**Work request:**
Copy the entries below word for word, but omit any pictures they contain.

**Data supplied:**
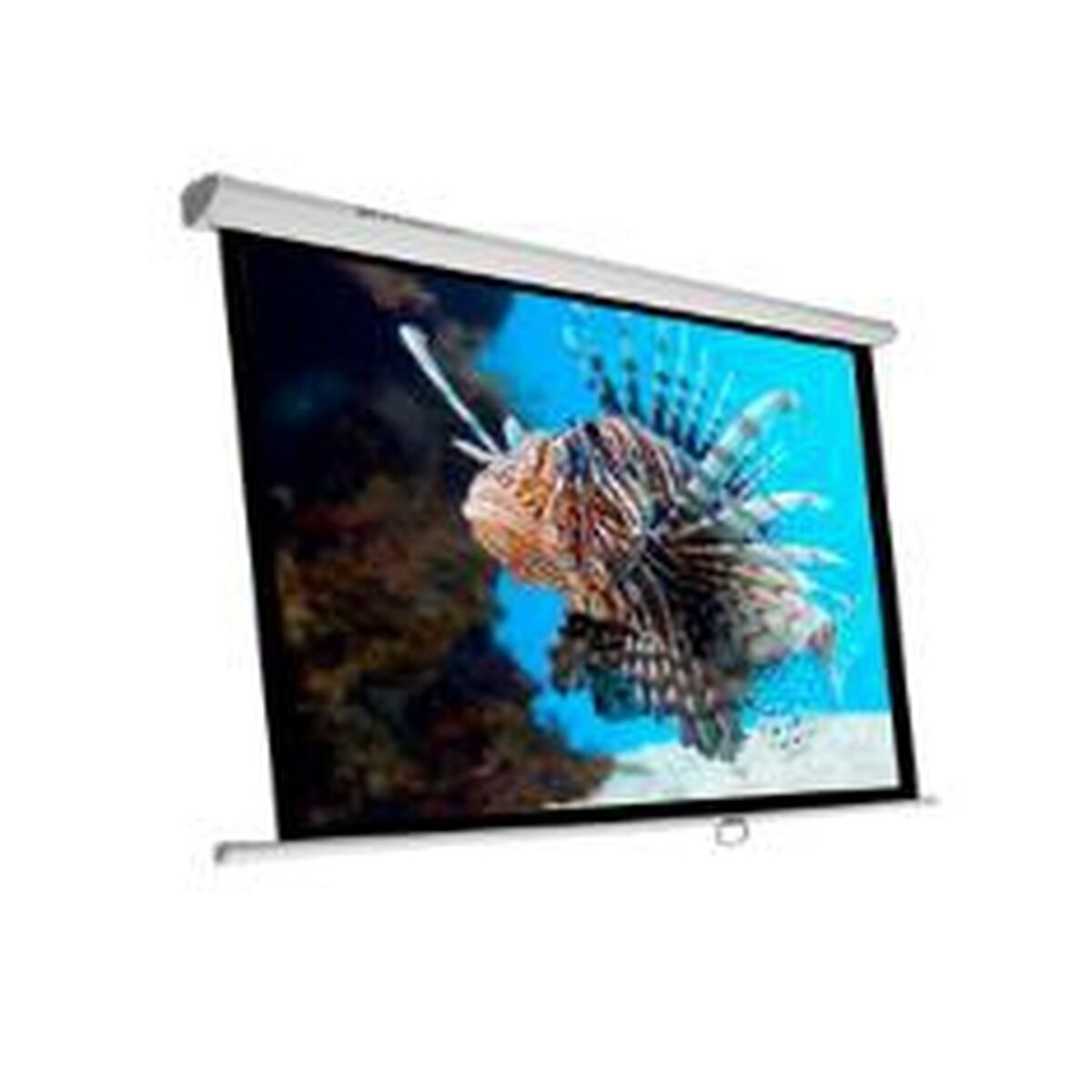 Projection Screen Phoenix PH200 112″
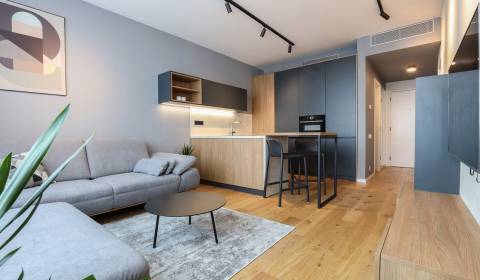 2-Zimmer-Wohnung, Továrenská, zu vermieten, Bratislava - Staré Mesto,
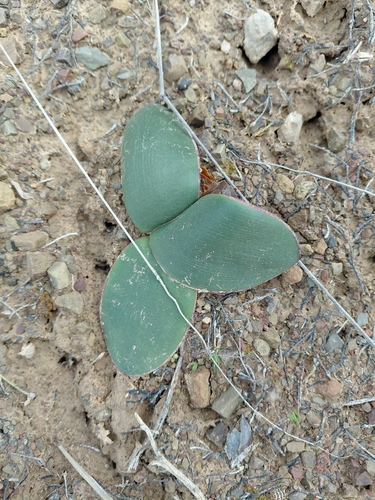 Brunsvigia comptonii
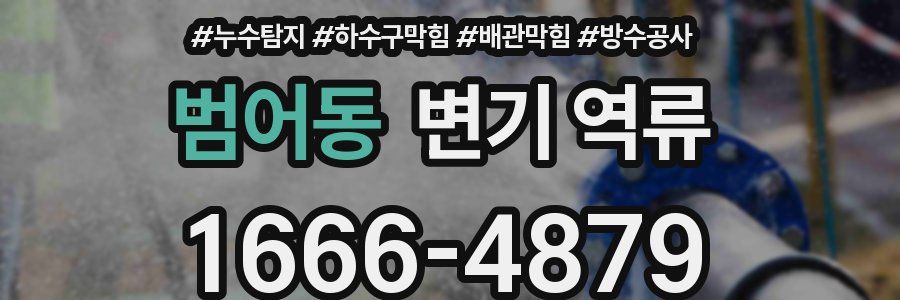 범어동 변기 역류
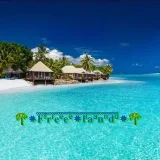 Freeeland - graciosoGIF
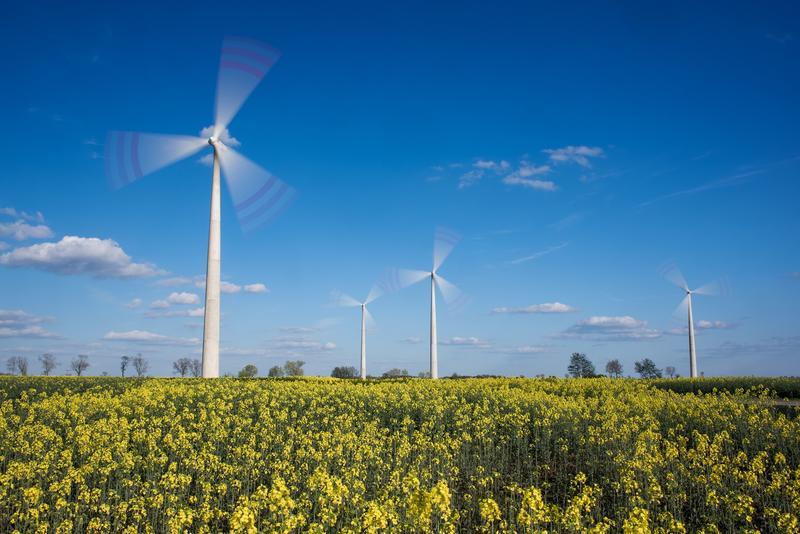 Acciona suministrará el 40% de toda la energía que necesita la red de Movistar en Chile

**Answer to the problem:**
 Projection Screen Phoenix PH200 112″
 2-Zimmer-Wohnung, Továrenská, zu vermieten, Bratislava - Staré Mesto,
 Brunsvigia comptonii
 범어동 변기 역류
 Freeeland - graciosoGIF
 Acciona suministrará el 40% de toda la energía que necesita la red de Movistar en Chile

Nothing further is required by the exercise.